What needs to be done:
Write out, exactly as they stand, the line containing "TESLA Model S" and all subsequent lines up to and including the final line of the records.

Records supplied:
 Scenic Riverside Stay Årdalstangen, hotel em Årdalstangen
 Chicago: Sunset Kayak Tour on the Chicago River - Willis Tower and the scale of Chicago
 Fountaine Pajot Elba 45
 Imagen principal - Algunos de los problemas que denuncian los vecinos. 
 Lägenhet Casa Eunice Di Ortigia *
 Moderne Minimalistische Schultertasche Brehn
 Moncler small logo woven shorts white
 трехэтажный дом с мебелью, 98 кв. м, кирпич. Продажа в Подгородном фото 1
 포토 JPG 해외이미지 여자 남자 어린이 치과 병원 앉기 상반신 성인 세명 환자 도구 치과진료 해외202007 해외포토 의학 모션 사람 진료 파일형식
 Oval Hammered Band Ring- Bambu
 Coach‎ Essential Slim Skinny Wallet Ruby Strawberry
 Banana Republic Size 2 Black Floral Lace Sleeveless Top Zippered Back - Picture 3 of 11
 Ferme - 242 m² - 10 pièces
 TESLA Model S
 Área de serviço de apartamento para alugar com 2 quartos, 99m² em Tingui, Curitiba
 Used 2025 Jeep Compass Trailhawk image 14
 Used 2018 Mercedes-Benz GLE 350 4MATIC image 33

Answer to the exercise:
 TESLA Model S
 Área de serviço de apartamento para alugar com 2 quartos, 99m² em Tingui, Curitiba
 Used 2025 Jeep Compass Trailhawk image 14
 Used 2018 Mercedes-Benz GLE 350 4MATIC image 33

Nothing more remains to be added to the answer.